Well, we had three groups at the cook-off :

Blackjack BBQ (J.Shively ,Bruce was helping him alot)
Hawgs and Hogs (Dirty Ron Schaefer , Saginaw, Mi)
Northcoast BBQ Society (Me , Uncle Bubba , and Kloset BBQ'r)

Unfortunately, the none of us placed (our ribs were tied for 10th but we lost the tiebreaker! #-o )  Our sausage and brisket were both 17th.There were 61 teams and this was our first attempt so we were buoyed by the results! J. Shively, (who Bruce helped out a great deal) finished 50th out of the group cooking alone on a 42" Gator in his first cook also. We finished 43rd overall. We divide the cooking up :

Me : Ribs, Chicken, Sausage
Uncle Bubba: Pulled Pork / Aesthetics
Kloset : Brisket/ Burnt Ends

Funny thing is, the chicken faired poorly, but both Bubba and I thought it was the strongest entry. We will have to keep studying. All of us are planning on doing the Ohio Smoked Meat Championship in October.
 It was great to meet Bruce, who helped everybody out , and drank my share of the beer (I take my cooking seriously , although I did have some around 3:00 am). I think Bruce and I were up the latest. He crashed out around 5:00 and I was the onliest one to go without sleep! WE had a great time, but got stuck in a wicked bad 200 mile storm on the way home today! Just cleaning out the stuff for a 300 person cook this Friday! Later folks, Woodman

http://www.kodakgallery.com/BrowsePhoto ... rt_order=0


----------



## Kloset BBQR (Jul 24, 2005)

The cookoff was a great time!  61 teams from 7 different states and Canada too!  It was a great initiation into big time BBQ competition and very humbling too!  I thought all of our turns in were great.  I really don't understand the results for chicken and pulled pork.

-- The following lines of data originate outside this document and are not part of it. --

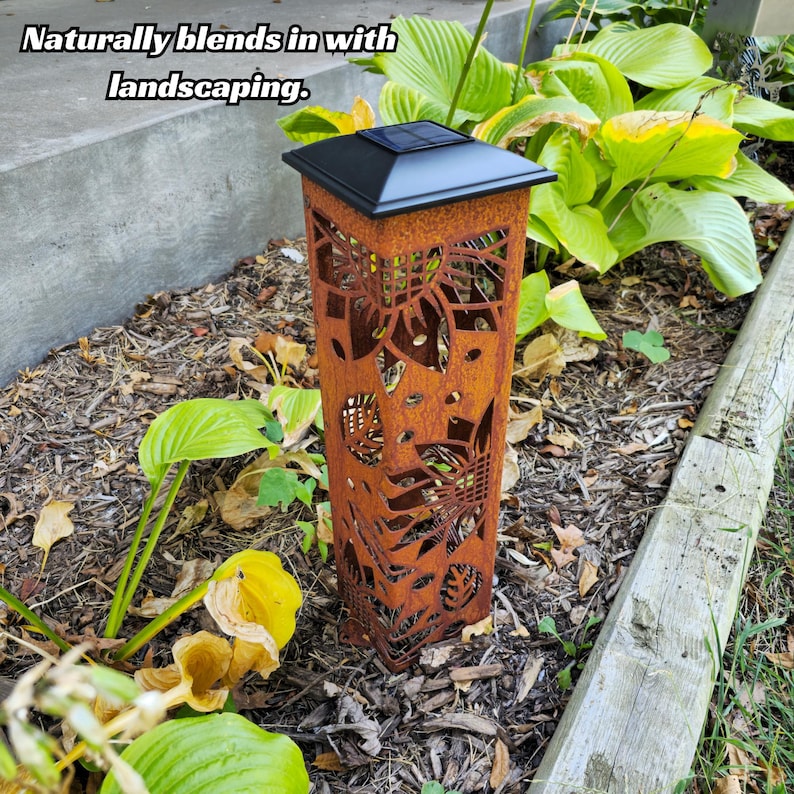 Rust-patina solar garden post blending seamlessly with surrounding plants and landscaping.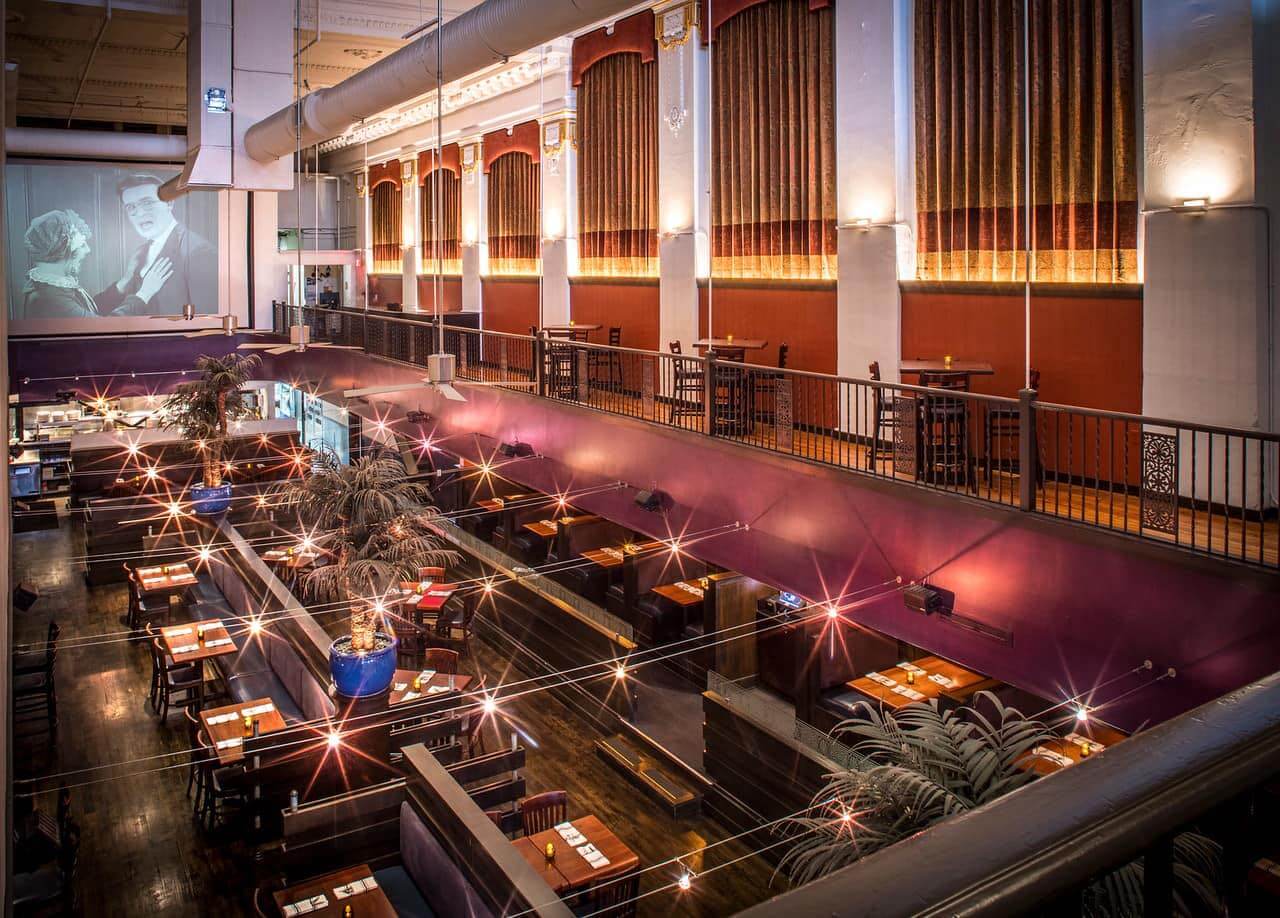 Spacious, dimly lit dining area with tables and lights sets the scene in this Memphis gem. Large curtains and a vintage movie screen adorn the walls, while an elevated seating area and potted plants guide the eye throughout the inviting restaurant interior.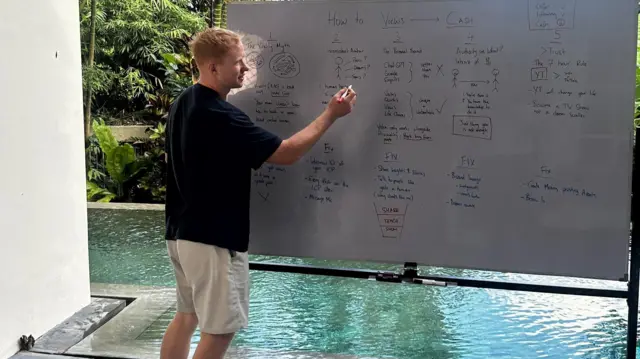 Sol, vestindo uma camiseta preta e shorts bege, escreve em um quadro branco em frente a uma piscina. 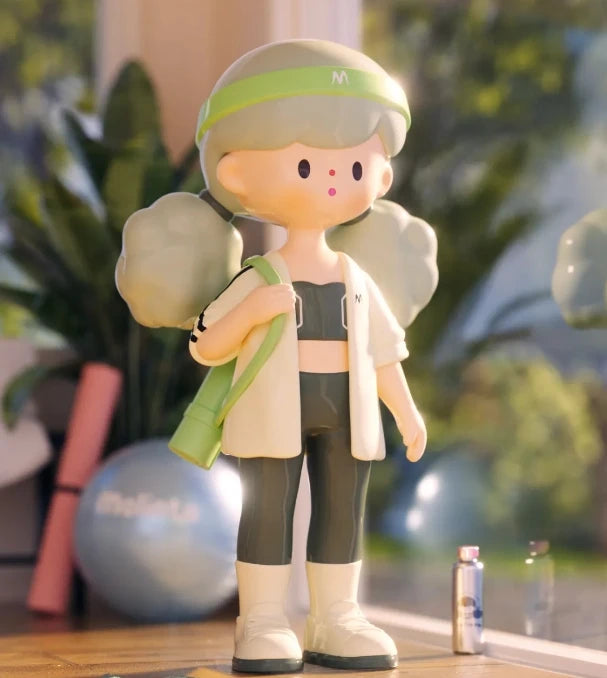 Figurine of a person in athletic wear with a green headband and bag, standing indoors with plants in the background.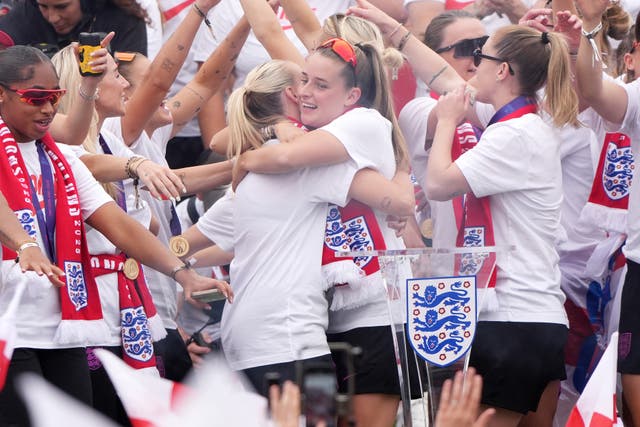 England players embrace on the stage
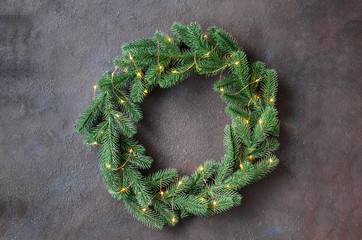 Christmas door wreath made of tree fir branches with xmas lights on dark background.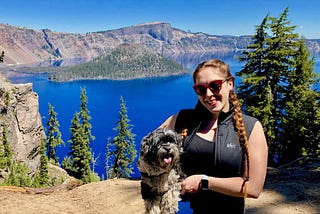 Deanna with her dog on a cliff overlooking a lake and mountains.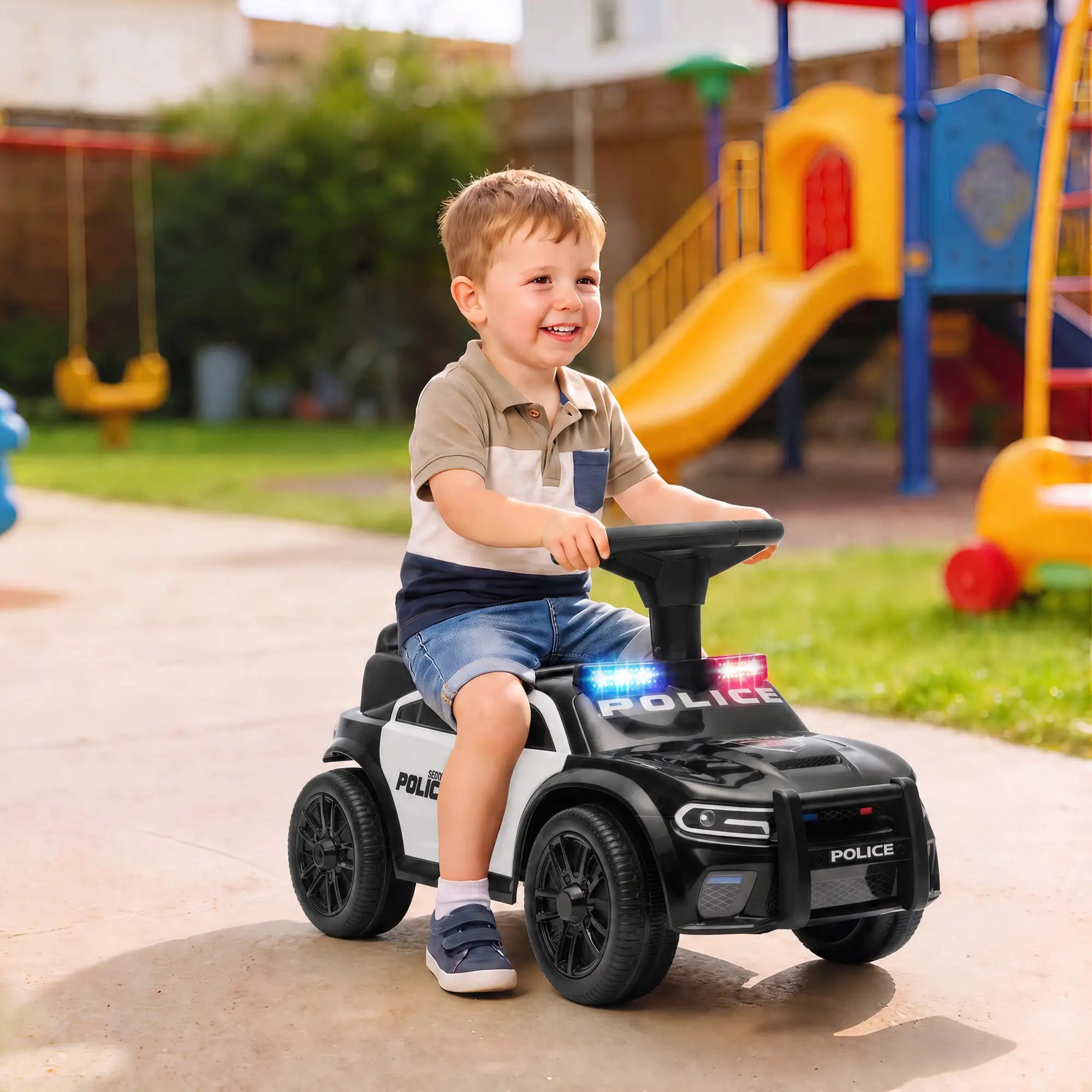 A young boy wearing a beige and navy polo shirt and denim shorts is smiling while riding a black and white police toy car outdoors on a paved playground path.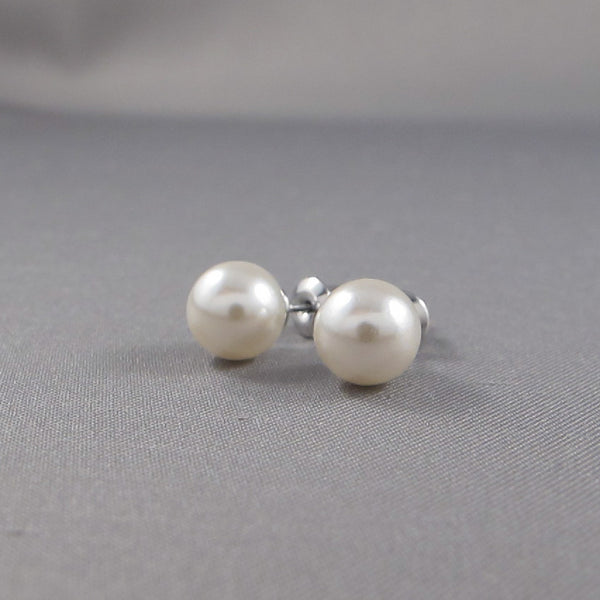 Timeless faux pearl stud earrings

Both were great products.

I very much enjoyed meeting Bruce, J. Shively, Dirty Ron and many other characters.

We'll have a much better showing, I hope, in October in Ohio now that we've got one under our belts.

Would like to take a judging class as soon as possible so that I can understand what the judges are looking for.  It should help.

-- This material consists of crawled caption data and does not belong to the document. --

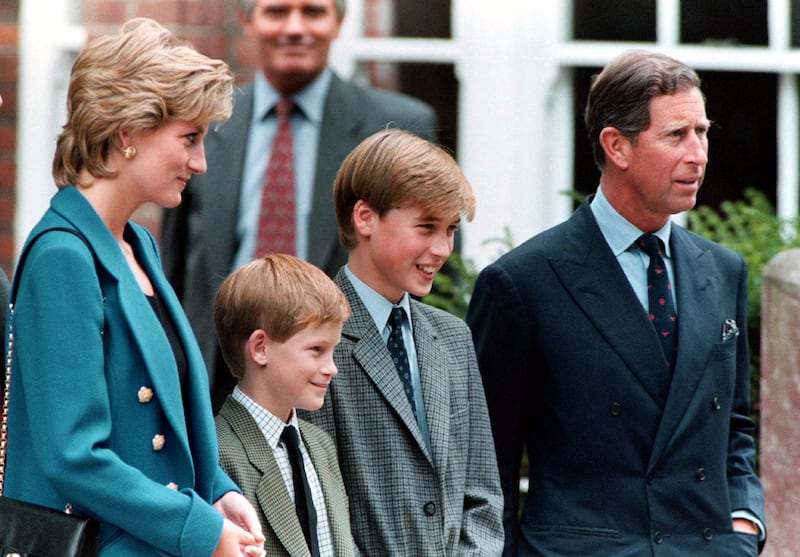 The Prince and Princess of Wales, and Prince Harry smile to photographers with Prince William on his first day of term at the Eton College on September 6, 1995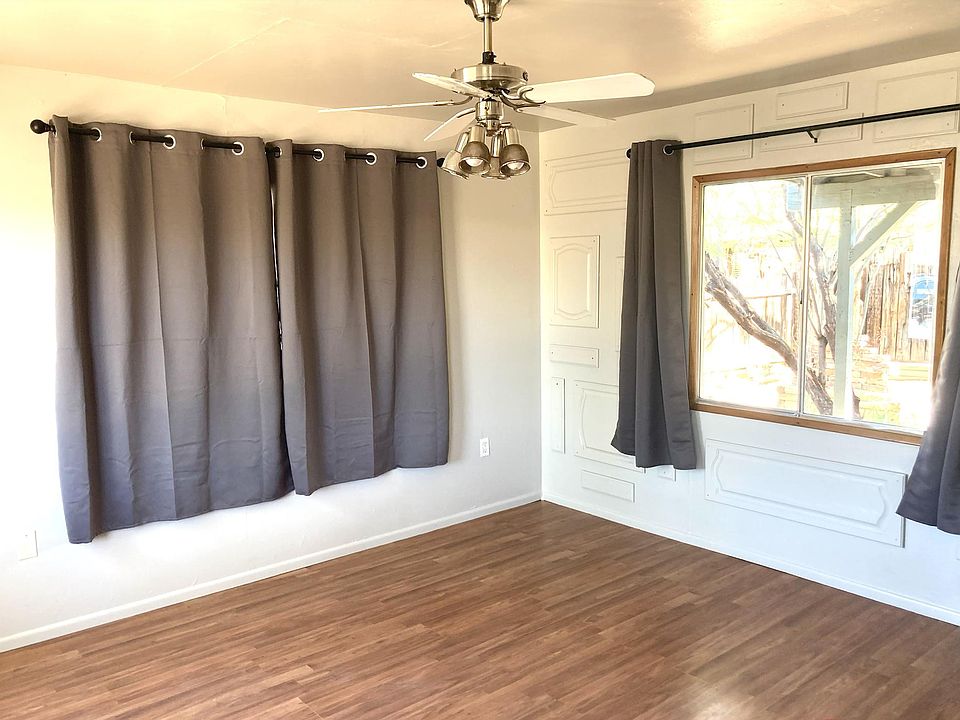 Living room has 3 large windows that will provide lots of light.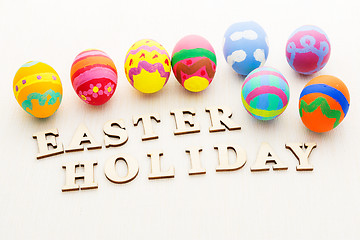 Image showing Painted easter egg with wooden text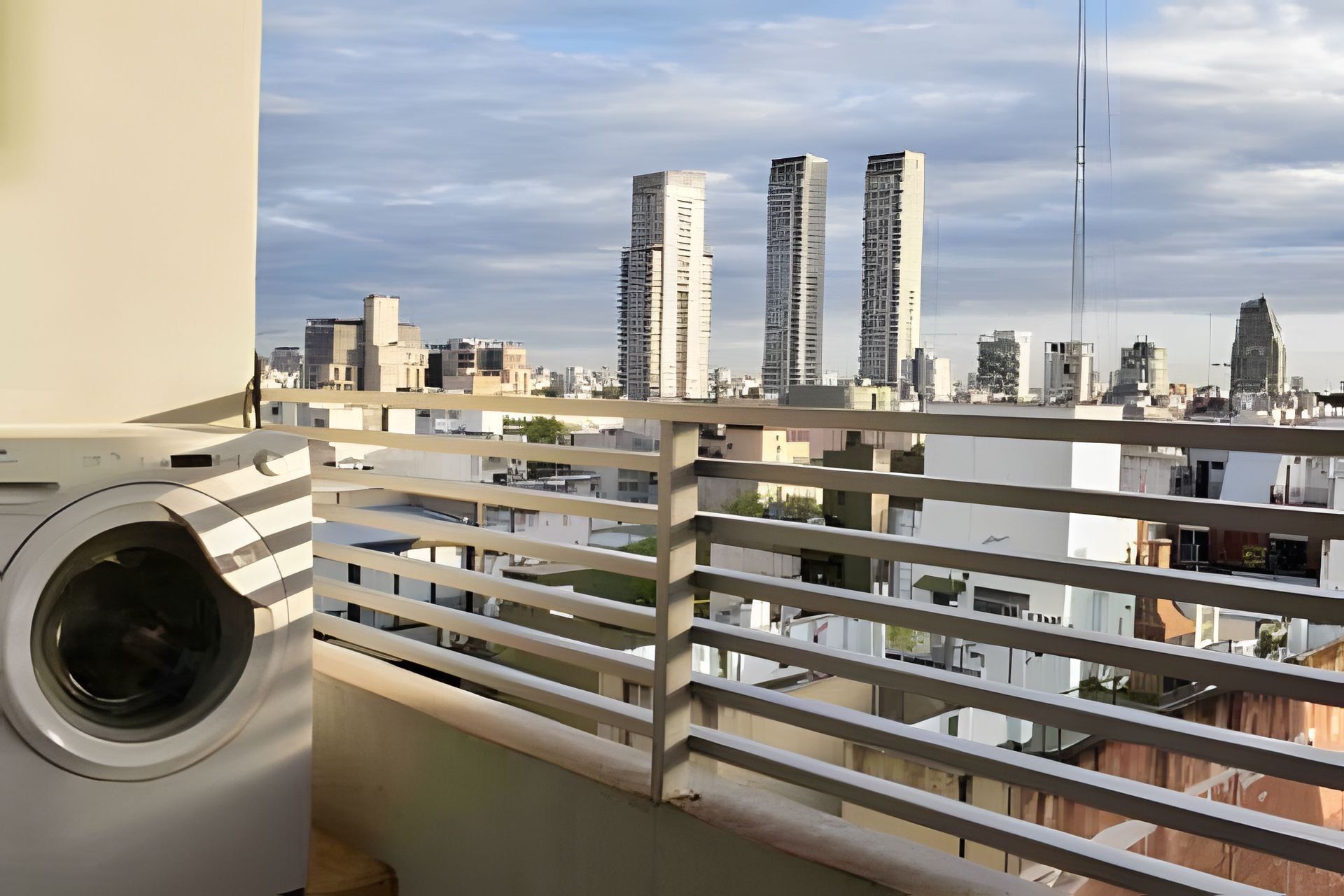 A balcony with a washing machine, overlooking a cityscape with multiple high-rise buildings.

A special thanks to Uncle Bubba for all the great work he did on the turn in trays and making the prouduct look as good as possible.  The man is an artist!  I know our products received a significant boost in the judging because of his efforts.   Thanks, Kevin!

Woody & Bubba, did you noitce that our buddy Moe placed 10th in vegetables on Friday night! How'd he do that?

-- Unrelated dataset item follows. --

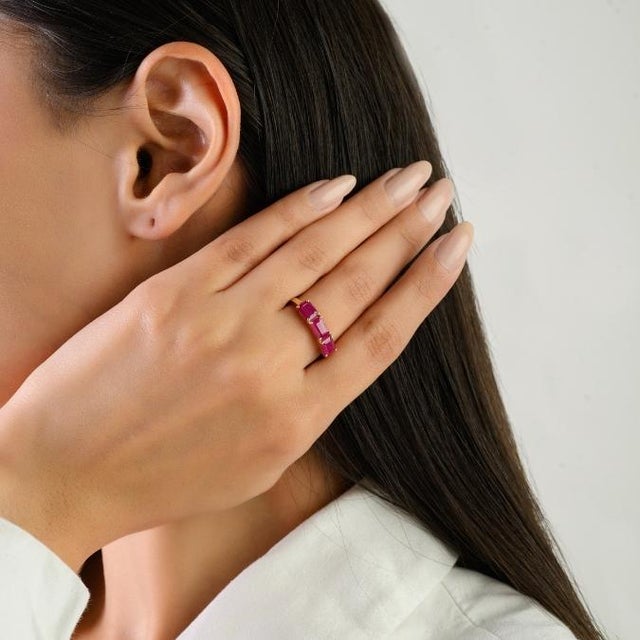 This elegant ring features 3 natural rubies totaling approximately 2.14 carats, set in rich 14k yellow gold. The ruby...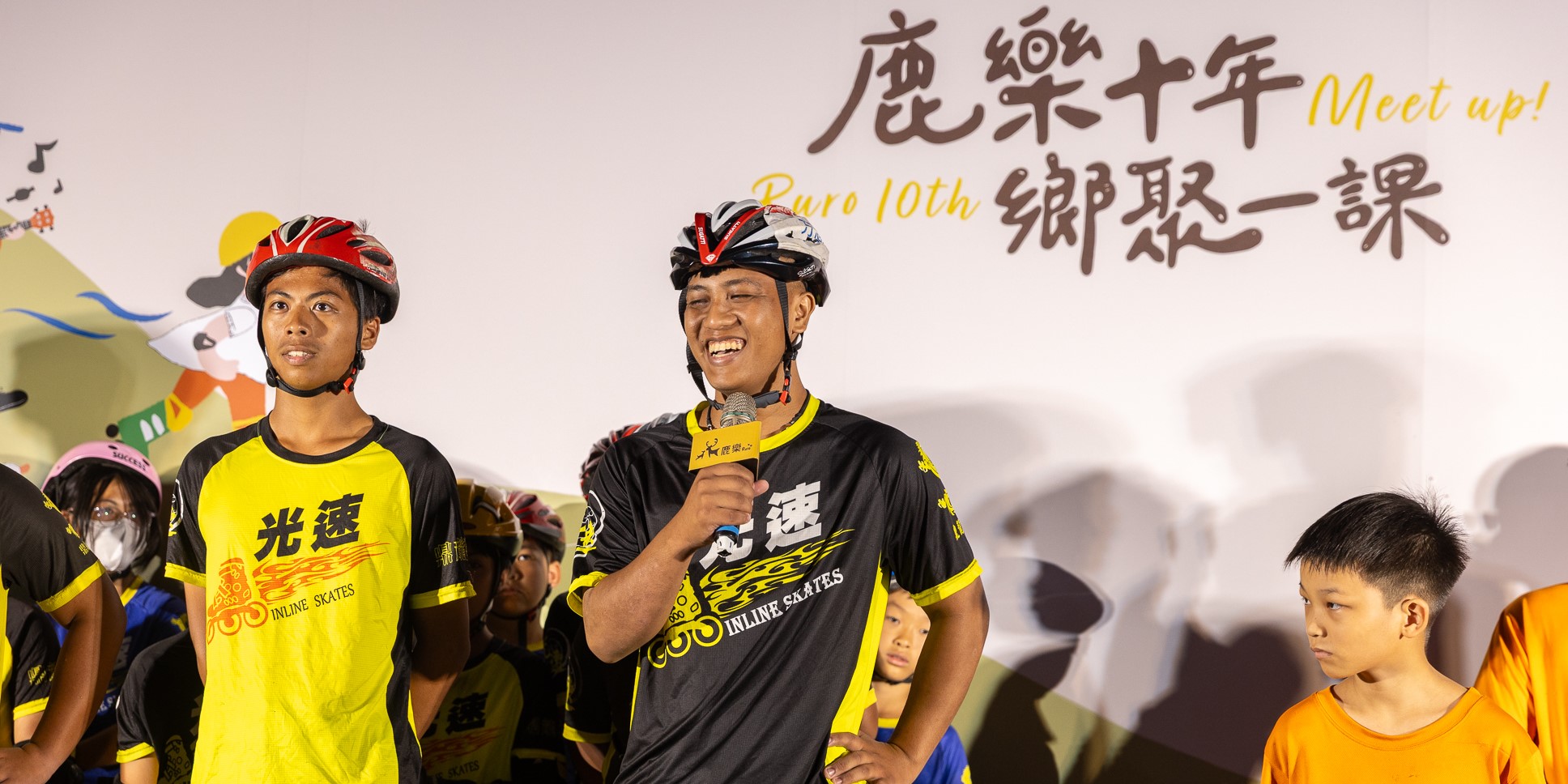兩名穿著黃黑色輪滑隊服、戴著安全帽的年輕男性運動員在舞台上，其中一人拿著麥克風發言。背景牆上寫著「麗泉十年」、「Meet up!」、「Buro 10th」和「鄰聚一課」的中英文文字。舞台下有兒童觀眾。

Woody, I appreciate the apple and cherry wood.  Thanks again!


----------



## Woodman1 (Jul 24, 2005)

Rock on Dallas!


----------



## Captain Morgan (Jul 24, 2005)

Woody, in a cook off of 61 teams, your ribs came in 10th?
You may not realize it, but that is quite an accomplishment.  Those weren't Girl Scouts you were cooking against!  This Bud's for you!
Congrats!

Thanks for all the pics...chicken looked absolutely great to me.  I've heard so many people say that what they thought was their best stuff gets the lowest scores, and vice versa.

When you say Bruce, is that our Bruce B?


----------



## Kloset BBQR (Jul 24, 2005)

That would be our Bruce B whom I enjoyed meeting very much and discussing politics with.  Go Hillary, right Bruce! LOL!


----------



## ScottyDaQ (Jul 25, 2005)

Yeah they all look great and looks like you had a blast!


----------



## Bruce B (Jul 26, 2005)

Here's a few more photo's from Grand Rapids.

http://community.webshots.com/album/403039943


----------